The next morning before leaving for work a good friend and colleague called me to let me know that everyone working for the UK division of the company was being made redundant. It was a shock. I remember my hands went numb and I got an instant, loud ringing in my ear. I was grateful that my friend had told me first and I hadn’t had to find out from the .. HR manager and my … boss. I was able to go into a meeting with the two of them later that morning feeling prepared and not vulnerable as I would have been if they had broken the news to me.

So I spent the next week trying to process the information. What was I going to do? Stay in Berlin and try against all odds to find a company who would hire me and take on my visa? Go back to New Zealand? Or finally start to use my British ancestry visa and take the one hour flight over? Even though I had planned to try to get a job in the UK eventually, I wanted to do it on my own terms when I was ready.

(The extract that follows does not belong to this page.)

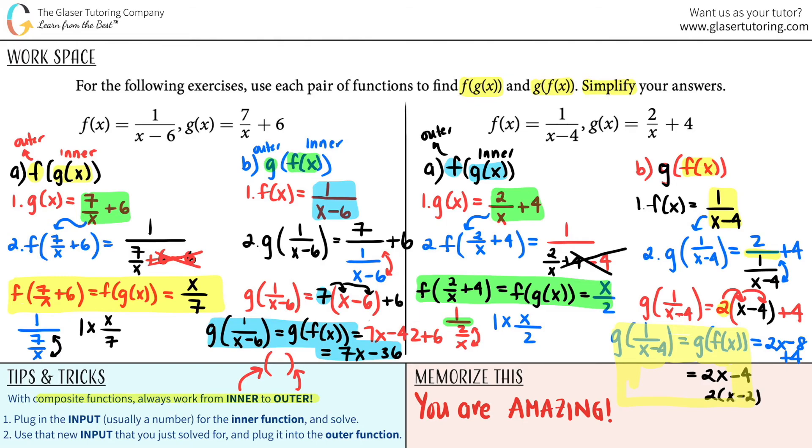Awesome job, guys! Look at your final answers — are they the same? No, they're not. So composite functions really matter when you take into consideration who's the inner function and who's the outer function. If you reach the end and you can understand this, let me know in the comments. You guys are amazing — you're getting so good at math. Keep going, you've got this!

It was not an easy decision. I had a complete life set up in Berlin. My boyfriend, our wonderful apartment, my gorgeous neighbourhood, friends, an easy lifestyle, not to mention two years worth of ‘stuff’ that would be an insane task to pack.

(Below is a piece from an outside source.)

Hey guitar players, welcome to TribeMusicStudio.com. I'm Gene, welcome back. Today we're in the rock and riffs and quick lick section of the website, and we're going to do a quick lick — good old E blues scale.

Countless lunch times were spent chatting to my friends who were also affected. The same sentences were brandished in every conversation, our discontent at the handling of the situation by the management involved, our shock at their lack of organisation, our shock at their absolute lack of tact. We all experienced different effects the stress was having on our health. Sleep patterns were affected. I personally began comfort eating and gained weight. It was a really difficult two months.

We were eventually given some concrete information after weeks and meetings where various promises were made which never came to fruition. So we all headed towards new goals realistically. I started to apply for jobs in London and it didn’t take long to line up a few interviews. It was much easier to line up and apply for jobs in an English speaking market where there were hundreds advertised each day, as opposed to the needle in a haystack of English speaking jobs advertised on German websites.

So my fate was practically sealed and I had to come to terms with the idea of leaving everything behind and starting again, in my third country and first English speaking working holiday of my life.